**Record extracts**
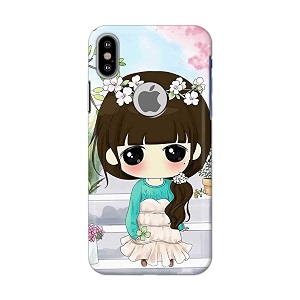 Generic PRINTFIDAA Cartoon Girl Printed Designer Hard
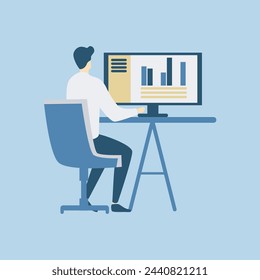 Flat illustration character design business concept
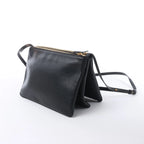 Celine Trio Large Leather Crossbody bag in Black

--

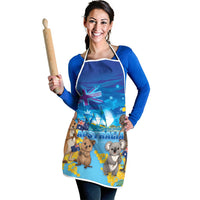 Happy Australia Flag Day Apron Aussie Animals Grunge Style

**Exercise aim**
Take the material above and output only the lines from the one that contains "Generic PRINTFIDAA Cartoon" through the one that contains "Celine Trio Large", ends included and images left out.

**Response to this exercise**
 Generic PRINTFIDAA Cartoon Girl Printed Designer Hard
 Flat illustration character design business concept
 Celine Trio Large Leather Crossbody bag in Black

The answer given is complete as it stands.